22 minute read · December 17, 2020
Exploring Cloud Data Lake Data Processing Options – Spark, EMR, Glue
· Senior Solutions Architect, Dremio
Overview
Data processing is a critical part of the *data pipeline *— which is the flow of data from its collection point to the point where it lands in a data lake. When designing a data lake, particular attention needs to be paid to the proper processing of data for a host of reasons. Data processing tends to be an expensive operation, both in terms of manpower and compute cost. Data processing is also critical to the consumability of data. As described below, raw data is very different from data that can be consumed by end users such as business intelligence analysts and data scientists. Further, a data processing operation that lacks data integrity is useless (or potentially disastrous) to the consumers of data; for example, business users can make wrong business decisions and AI and ML algorithms can produce inaccurate results — unbeknownst to the data scientists relying on those algorithms.
It is important to understand that processing data is not simply moving it from point A to point B (e.g., the IoT device where data originates to a data lake where it lands as its final destination.) Rather, it is a complex “heavy lifting” process that involves the transformation of data, at large scale, such that it is morphed and joined with other data in a format that can be queried.

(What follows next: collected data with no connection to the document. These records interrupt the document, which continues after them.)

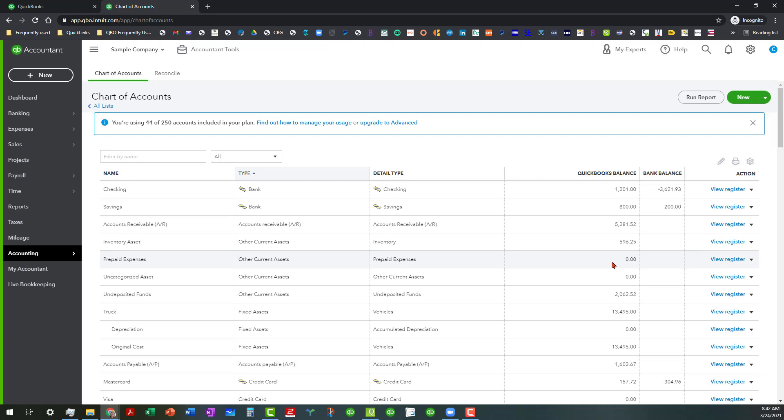So next time we're going to talk about the organization of the chart of accounts because that's real important as well, but you have to go through all the line items initially to see what's in there. You have to look to see how those transactions are being entered into the record so hopefully this will help you today.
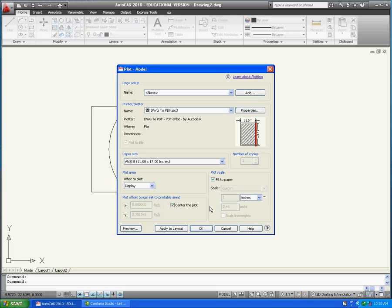Now you must decide how to plot the area of your drawing. There are a variety of options which can be used to determine the plot area. It is often most convenient to use the Window option which will allow you to select the portion of the drawing you wish to plot.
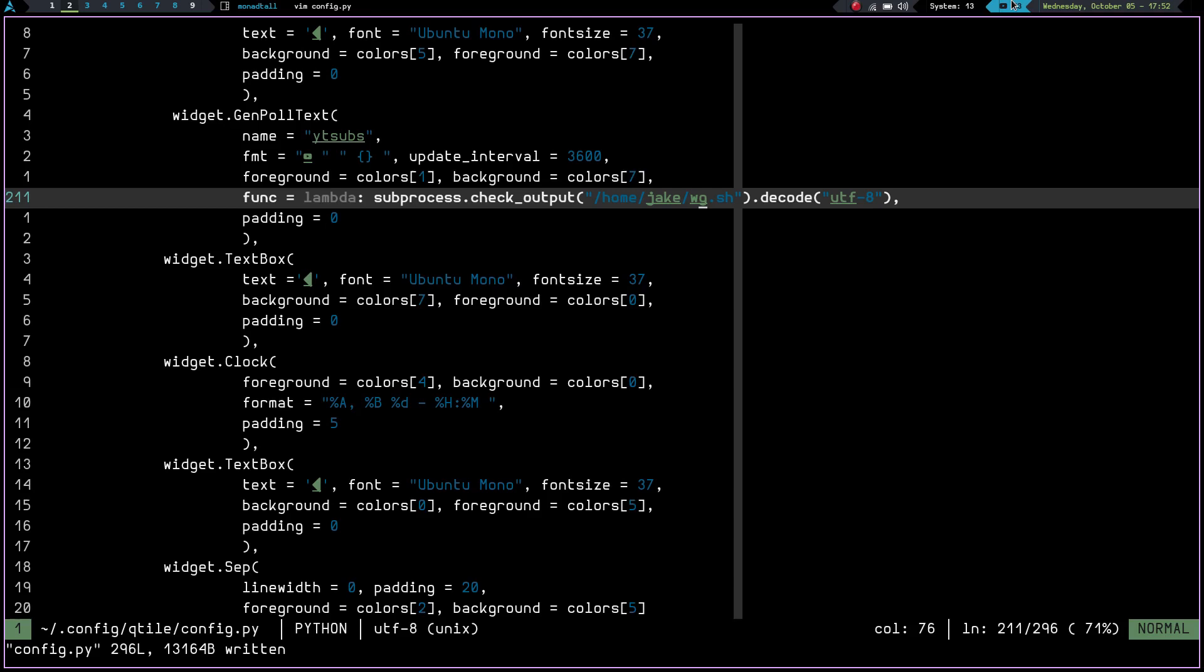So that being said, I hope you guys all have a great rest of your day and a great evening. And I hope this video helps you get your bar set up how you want it and helps you understand how to run a script in your Qtile bar on widgets. So yeah, have a great evening and God bless.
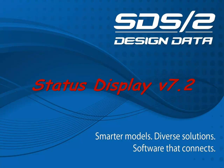Welcome to the training video on Status Display. In this video, we will cover how to build and save Status Display configurations in SDS2 version 7.2.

This article explores the following three technologies: Apache Spark, Amazon EMR and AWS Glue. Each is involved and complex in its own way, and there’s also overlap among the three and no concrete right or wrong way in which to use them. Your decision on which technology to use for your own needs depends on a multitude of factors: cost, effort, familiarity with the technology or a specific stack, corporate guidelines and more. However, it is good practice to have an overall understanding of what is out there and how the three compare with one another.
Real-World Scenario
Let’s explore the problem in the context of something that is familiar: a self-driving car. In general, a self-driving car understands its environment through sensors, for example, the 2018 Model 3 Tesla has a forward radar, eight cameras and 12 ultrasonic sensors that produce ~40TB of data per hour.
In contrast, Apollo 11’s computer had 32K RAM, so data generated by a single Tesla car in a single hour of driving could fill up Apollo 11’s storage over a billion times!
Let’s assume we solved the obvious storage problem, and all data has been piped into a data lake (e.g., Amazon S3, Microsoft ADLS (Azure Data Lake Storage ), Google Cloud Storage, etc.). Unfortunately, we have to address another challenge: How to make sense of all this disparate data and make it consumable so that it can answer real business questions.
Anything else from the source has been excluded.